*** Available records ***

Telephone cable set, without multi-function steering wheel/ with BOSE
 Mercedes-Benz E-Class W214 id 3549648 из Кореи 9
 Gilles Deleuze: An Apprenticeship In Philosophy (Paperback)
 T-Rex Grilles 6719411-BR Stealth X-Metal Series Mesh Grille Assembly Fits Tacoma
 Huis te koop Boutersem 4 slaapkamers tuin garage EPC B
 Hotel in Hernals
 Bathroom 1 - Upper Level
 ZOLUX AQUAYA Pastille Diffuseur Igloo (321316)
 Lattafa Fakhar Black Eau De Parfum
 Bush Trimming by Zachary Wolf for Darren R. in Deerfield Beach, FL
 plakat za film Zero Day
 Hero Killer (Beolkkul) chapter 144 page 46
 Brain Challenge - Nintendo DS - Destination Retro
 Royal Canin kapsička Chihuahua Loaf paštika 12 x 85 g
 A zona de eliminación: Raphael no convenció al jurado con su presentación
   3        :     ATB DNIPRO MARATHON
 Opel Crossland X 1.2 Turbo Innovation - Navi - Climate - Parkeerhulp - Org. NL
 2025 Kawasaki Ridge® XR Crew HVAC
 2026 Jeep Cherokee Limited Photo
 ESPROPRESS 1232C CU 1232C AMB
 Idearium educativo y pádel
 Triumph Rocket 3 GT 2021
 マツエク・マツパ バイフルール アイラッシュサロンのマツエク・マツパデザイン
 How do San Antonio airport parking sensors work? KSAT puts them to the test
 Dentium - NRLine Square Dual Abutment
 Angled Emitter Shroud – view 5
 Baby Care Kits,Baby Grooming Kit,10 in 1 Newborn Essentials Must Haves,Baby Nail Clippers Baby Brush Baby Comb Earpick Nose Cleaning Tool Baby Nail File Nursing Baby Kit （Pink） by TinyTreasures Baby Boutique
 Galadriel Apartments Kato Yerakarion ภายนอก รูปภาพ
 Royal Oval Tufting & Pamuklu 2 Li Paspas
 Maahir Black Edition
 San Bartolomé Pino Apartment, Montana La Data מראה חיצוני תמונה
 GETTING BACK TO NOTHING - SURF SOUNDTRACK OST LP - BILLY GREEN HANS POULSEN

*** End of Available records ***

Task: Your reply should be an exact copy of every line from the line with "Baby Care Kits,Baby" through the final line of the data, and nothing more.

Result of the task:
 Baby Care Kits,Baby Grooming Kit,10 in 1 Newborn Essentials Must Haves,Baby Nail Clippers Baby Brush Baby Comb Earpick Nose Cleaning Tool Baby Nail File Nursing Baby Kit （Pink） by TinyTreasures Baby Boutique
 Galadriel Apartments Kato Yerakarion ภายนอก รูปภาพ
 Royal Oval Tufting & Pamuklu 2 Li Paspas
 Maahir Black Edition
 San Bartolomé Pino Apartment, Montana La Data מראה חיצוני תמונה
 GETTING BACK TO NOTHING - SURF SOUNDTRACK OST LP - BILLY GREEN HANS POULSEN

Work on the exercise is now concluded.